# Oil Dri for shrimp tank



## gotcheaprice (Sep 4, 2007)

Hey, I'm looking to start up a new RCS breeding tank is a 20H. I'm gonna plant it with water sprites and marselia minuta(sp) and no filteration and natural sunlight. I was also wondering about using oil dri as a substrate. I bought a bag today from walmart for $3.99 or so and I came home and did a bit more research and heard that it drops the ph levels. Is that alright for the RCS? And is there any other problems with oil dri? thanks.

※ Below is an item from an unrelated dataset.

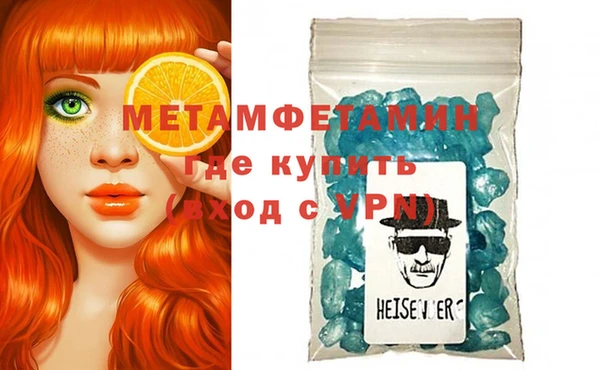 круглые Беломорск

(also, is getting a filter that important? I'm somewhat short on cash...)
oh, also, this is a tank for breeding the rcs and growing maeselia, not really for looks. i don't think the rcs fry will go good in a endler or goldfish tank.
god, attempted cleaning it just now, but took forever so i gave up and it still looks super dirty. i think i'll just stick it in the tank and buy a filter already, lol.


----------



## goalcreas (Nov 20, 2006)

you should use a sponge filter on that tank.
you can get a small one for about $2.50 on any online store.
You just need to run a small airpump on it and you should be able to get one for under $7
http://www.drsfostersmith.com/product/prod_display.cfm?c=3578+3579+3954&pcatid=3954
http://www.drsfostersmith.com/product/prod_display.cfm?c=3578+3669+12738&pcatid=12738

Or you could use an AZOO palm filter, a HOB (red sea makes one also, depends which online store you are shopping at) for under $10 I think, but you should put a sponge or net over the intake to keep baby and smaller shrimp out of the filter.
http://www.thatpetplace.com/pet/group/10463/product.web
http://www.drsfostersmith.com/product/prod_display.cfm?c=3578+3579+9821&pcatid=9821

I think if you rinse the oil dry real good and for a long time that it will work fine.

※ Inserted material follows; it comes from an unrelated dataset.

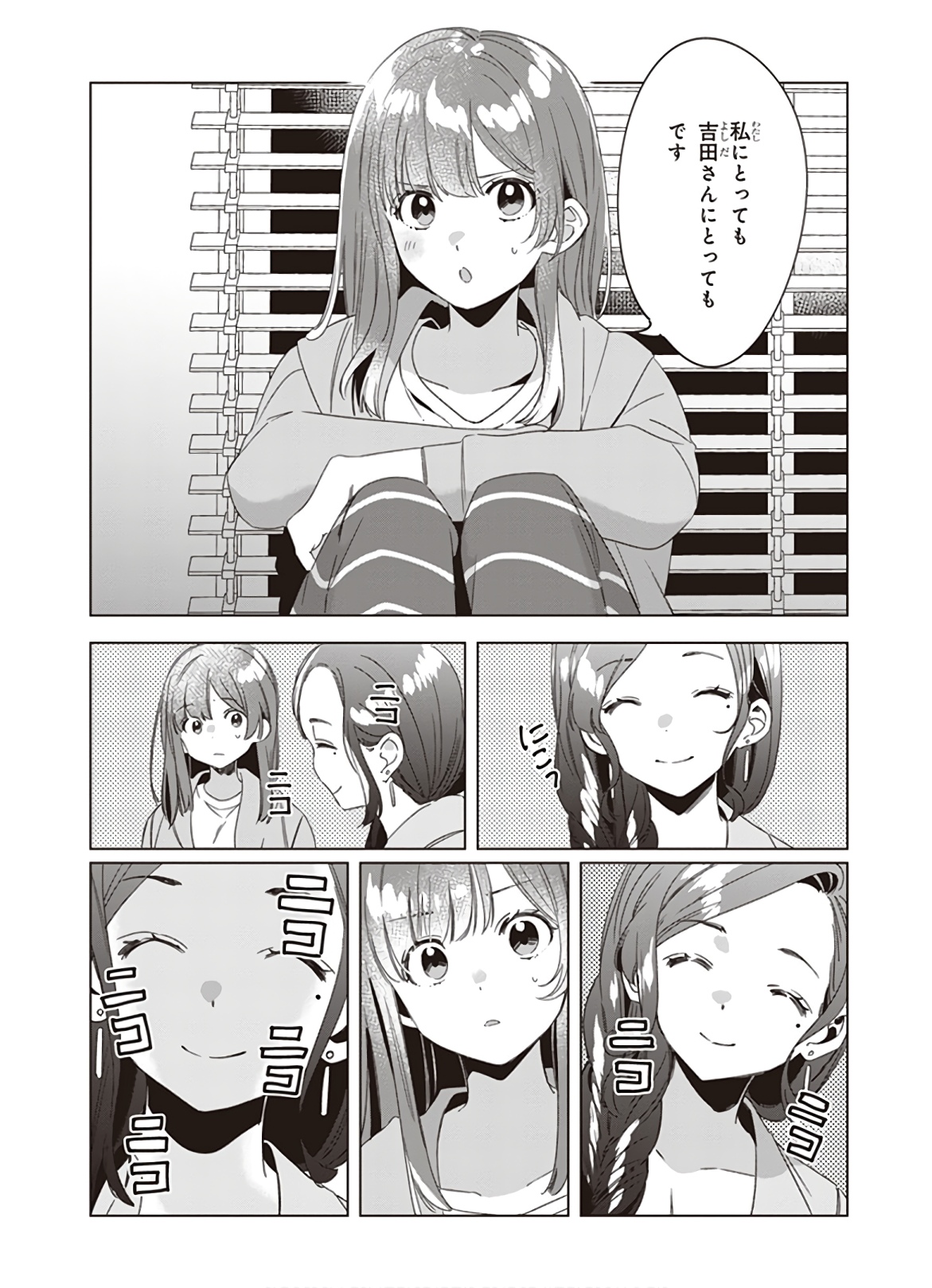 ひげひろ - raw - 第16話 - https://jpee.aabb.to/JPEE/24860/u0ya5ziwjgy.jpg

You should get some screen or an actual screen like off your house window and put it on a brick border and put the oil dri on it and rinse it with a hose for 15 to 20 minutes, really rinse it good and that will work.

Or you could use a screen type strainer like in the kitchen, but you will be limited to how much you can rinse at a time and you still need to rinse it for a good long time.


----------



## gotcheaprice (Sep 4, 2007)

Thanks for the reply.
Yeah, I'm gonna get a cheap HOB from walmart or something. I don't want to order online since I live in Hawaii and I sort of need it fast. I have a big piece of sponge I bought from Walmart for my other HOB filter in my nano.
And I don't know if I want to spend 15-20mins of running water... That's a bit much. Do you think it'll be fine inside for a bit with the filter running? I'm gonna rinse it more, but I don't think my parents will be happy if I used that much water. Maybe I can do a WC on my 55 gallon, lol, but that'll be a pain since it's all one the 2nd floor. I'll see tomorrow.


----------



## goalcreas (Nov 20, 2006)

I don't think you HAVE to do that much water, but it would help the substrate not to change the PH or GH of the tank, where it may play with it for a little while if you dont' rinse it that much.
If you can live with the PH and GH change for a little while, just rinse it regular, until the water runs threw it clear.
Then again, it may still play with the PH and GH if you were to rinse it more, so just do it like you planned to all along.


----------



## gotcheaprice (Sep 4, 2007)

Alright, thanks... I'm gonna try rinse it as much as possible, then put it into the tank. Hopefully I can get the filter soon though... I think the shrimp are almost here...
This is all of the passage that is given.